Average U.S. mortgage interest rates declined for the week ending May 2, 2019, after increasing four consecutive weeks, according to Freddie Mac's weekly Primary Mortgage Market Survey.
The 30-year, fixed-rate mortgage loan averaged 4.14 percent, with an average 0.5 point, compared to 4.20 percent the previous week and 4.55 percent during the same week last year.
Average 30-year interest rates have remained below year-ago levels for 12 consecutive weeks. The 30-year mortgage interest rate averaged above 5 percent as recently as November 2018, but interest rates declined rapidly earlier this year.
"Slightly weaker inflation and labor economic data caused mortgage rates to dip this week," Sam Khater, Freddie Mac's chief economist, said. "Moving into summer, we expect rates to be about a quarter to half a percentage point lower than where they were last year, which is good news for the housing market. These lower rates combined with solid economic growth, low inflation, and rebounding consumer confidence should provide a solid foundation for home sales to continue to improve over the next couple of months."
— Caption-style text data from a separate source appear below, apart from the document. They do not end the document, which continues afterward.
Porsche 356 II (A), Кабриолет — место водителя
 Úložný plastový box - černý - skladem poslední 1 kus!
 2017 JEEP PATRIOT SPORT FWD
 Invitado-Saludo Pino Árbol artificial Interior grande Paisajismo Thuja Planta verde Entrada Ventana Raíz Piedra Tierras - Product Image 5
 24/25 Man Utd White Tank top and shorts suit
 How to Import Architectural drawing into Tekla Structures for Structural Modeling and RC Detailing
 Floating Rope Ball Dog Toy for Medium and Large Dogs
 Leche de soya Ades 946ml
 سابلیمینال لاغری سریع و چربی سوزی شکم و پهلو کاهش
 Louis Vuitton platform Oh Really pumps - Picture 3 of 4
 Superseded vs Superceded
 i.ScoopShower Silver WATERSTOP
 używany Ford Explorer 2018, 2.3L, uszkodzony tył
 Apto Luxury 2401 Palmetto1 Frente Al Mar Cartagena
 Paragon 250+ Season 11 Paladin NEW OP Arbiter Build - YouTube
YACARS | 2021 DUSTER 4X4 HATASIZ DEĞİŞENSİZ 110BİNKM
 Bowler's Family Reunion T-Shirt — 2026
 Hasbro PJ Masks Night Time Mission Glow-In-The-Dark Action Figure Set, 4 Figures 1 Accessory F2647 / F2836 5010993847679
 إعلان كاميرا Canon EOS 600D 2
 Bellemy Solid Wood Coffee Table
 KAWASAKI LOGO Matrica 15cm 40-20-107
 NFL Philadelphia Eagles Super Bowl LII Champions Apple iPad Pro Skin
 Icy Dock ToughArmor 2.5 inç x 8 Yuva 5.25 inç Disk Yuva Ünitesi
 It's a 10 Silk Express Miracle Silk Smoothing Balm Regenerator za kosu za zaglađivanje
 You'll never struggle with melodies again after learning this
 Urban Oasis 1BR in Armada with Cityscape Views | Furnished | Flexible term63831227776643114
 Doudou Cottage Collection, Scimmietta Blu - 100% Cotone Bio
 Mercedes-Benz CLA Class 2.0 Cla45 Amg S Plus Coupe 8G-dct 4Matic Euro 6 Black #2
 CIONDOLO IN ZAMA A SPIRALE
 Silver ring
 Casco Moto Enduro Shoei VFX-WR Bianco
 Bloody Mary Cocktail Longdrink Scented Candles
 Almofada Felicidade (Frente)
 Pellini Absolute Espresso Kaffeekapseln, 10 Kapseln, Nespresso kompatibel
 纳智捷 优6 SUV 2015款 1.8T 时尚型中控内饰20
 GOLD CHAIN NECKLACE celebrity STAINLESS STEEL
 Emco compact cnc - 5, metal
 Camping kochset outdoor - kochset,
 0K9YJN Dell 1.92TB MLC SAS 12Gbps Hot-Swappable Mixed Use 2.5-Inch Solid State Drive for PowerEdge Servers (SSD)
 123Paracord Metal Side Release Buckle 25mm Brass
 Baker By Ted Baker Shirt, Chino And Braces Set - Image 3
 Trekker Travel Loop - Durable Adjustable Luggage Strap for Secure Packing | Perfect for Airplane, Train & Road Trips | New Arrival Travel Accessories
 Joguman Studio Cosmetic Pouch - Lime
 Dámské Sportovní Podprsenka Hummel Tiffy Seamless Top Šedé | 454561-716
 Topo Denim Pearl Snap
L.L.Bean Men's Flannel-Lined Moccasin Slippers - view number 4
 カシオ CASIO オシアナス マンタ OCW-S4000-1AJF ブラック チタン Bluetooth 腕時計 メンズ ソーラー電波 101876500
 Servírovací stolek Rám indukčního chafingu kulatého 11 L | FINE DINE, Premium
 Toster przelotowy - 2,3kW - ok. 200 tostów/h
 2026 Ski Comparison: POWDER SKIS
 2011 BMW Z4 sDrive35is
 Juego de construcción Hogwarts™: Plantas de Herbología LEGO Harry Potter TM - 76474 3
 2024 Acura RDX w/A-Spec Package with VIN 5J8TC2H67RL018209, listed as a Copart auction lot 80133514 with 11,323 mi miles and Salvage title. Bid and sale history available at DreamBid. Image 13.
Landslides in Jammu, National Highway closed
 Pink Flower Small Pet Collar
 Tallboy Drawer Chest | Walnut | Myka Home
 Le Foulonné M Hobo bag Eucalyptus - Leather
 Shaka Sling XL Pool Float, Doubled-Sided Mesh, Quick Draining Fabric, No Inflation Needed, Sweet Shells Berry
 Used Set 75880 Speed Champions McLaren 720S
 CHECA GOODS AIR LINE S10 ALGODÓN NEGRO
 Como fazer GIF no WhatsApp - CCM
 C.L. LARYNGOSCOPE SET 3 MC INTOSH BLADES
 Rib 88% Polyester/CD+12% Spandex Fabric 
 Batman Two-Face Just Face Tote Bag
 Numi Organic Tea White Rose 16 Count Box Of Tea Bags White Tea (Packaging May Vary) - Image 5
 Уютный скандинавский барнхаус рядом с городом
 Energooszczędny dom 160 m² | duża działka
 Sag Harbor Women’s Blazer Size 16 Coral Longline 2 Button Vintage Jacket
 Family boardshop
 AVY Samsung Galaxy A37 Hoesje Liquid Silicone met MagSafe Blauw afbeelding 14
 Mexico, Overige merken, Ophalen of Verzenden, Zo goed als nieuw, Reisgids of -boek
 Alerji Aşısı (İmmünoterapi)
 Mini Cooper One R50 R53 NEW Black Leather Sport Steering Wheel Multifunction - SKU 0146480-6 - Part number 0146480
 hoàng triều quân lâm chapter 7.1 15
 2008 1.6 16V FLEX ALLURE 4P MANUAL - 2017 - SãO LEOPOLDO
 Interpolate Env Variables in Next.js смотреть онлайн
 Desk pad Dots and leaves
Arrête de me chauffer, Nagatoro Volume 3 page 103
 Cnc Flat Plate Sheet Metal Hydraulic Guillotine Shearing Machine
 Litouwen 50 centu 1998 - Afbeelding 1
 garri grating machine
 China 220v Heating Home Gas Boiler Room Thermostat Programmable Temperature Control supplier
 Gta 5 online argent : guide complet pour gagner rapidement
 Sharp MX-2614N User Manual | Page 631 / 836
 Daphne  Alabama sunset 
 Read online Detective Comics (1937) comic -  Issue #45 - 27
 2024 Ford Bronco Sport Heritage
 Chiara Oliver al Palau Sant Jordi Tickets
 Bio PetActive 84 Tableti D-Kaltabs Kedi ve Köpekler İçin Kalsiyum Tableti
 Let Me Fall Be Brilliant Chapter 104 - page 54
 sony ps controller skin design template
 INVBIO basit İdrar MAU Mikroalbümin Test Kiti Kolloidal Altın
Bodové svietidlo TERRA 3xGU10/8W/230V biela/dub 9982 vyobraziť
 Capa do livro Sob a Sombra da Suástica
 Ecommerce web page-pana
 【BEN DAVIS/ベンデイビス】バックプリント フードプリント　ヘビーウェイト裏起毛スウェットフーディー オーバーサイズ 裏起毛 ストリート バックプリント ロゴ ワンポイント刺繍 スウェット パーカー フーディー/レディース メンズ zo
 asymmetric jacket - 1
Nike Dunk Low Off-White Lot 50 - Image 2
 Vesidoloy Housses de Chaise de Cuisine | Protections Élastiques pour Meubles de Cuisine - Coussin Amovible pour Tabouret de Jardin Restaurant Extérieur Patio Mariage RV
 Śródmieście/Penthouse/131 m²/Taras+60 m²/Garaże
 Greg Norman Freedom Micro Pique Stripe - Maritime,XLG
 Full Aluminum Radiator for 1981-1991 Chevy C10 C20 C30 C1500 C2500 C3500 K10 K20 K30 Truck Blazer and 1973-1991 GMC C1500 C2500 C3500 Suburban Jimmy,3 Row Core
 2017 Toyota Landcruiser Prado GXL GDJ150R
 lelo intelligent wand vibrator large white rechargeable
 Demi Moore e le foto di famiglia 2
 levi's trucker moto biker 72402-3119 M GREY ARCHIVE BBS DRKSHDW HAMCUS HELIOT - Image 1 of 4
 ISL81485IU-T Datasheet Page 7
The 15-year, fixed-rate mortgage loan averaged 3.60 percent, with an average 0.4 point, down from 3.64 the prior week. A year ago, the 15-year note averaged 4.03 percent.
The five-year, adjustable-rate mortgage (ARM) averaged 3.68 percent, with an average 0.4 point, a decline from the week before when it averaged 3.77 percent. During the same week in 2018, the five-year ARM averaged 3.69 percent.